At the end of 2012, I pray that, in the coming year, I will see more of the good, & less of the bad in people. I pray that I will see only the optimistic side of life. I pray that I will always have time to lend that helping hand. I pray that I will present only that good, light, & honorable side of myself to other people, & to myself as well. I pray for freedom over oppression. I pray for love over hate.
I give thanks for all of the new friends that I made in 2012. I give thanks for the lessons learned this past year. I give thanks that I survived the worst of times. I give thanks that I did not break. I give thanks for the many blessings, both personal & professional, that were found in the middle of the hottest of flames. I give thanks for all of the laughter that I shared with people this past year – I do believe that, despite it all, the laughs somehow miraculously exceeded the tears in 2012. I give thanks for the forgiveness that I feel toward those that meant me ill will.

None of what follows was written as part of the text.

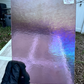 1428 Light Violet Rainbow Iridescent Transparent Bullseye Glass Fusible 90coe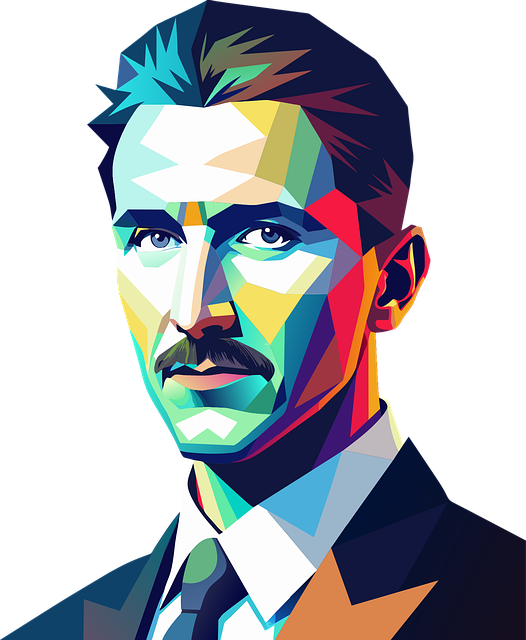 Free ai generated man nikola tesla vector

I give thanks for the acts of kindness that were bestowed upon me.
I give thanks for the opportunity to write these words, & I pray that they may encourage someone that is going through their own “worst of times.” Keep the faith: alongside the worst of times, can often be found the best of times, as well. You, dear reader, also have two sides of yourself, & in the darkest hours, you have only to look toward the side of yourself that possesses the good, for it is that side that will light your way to the end of the tunnel, where you will find hope waiting!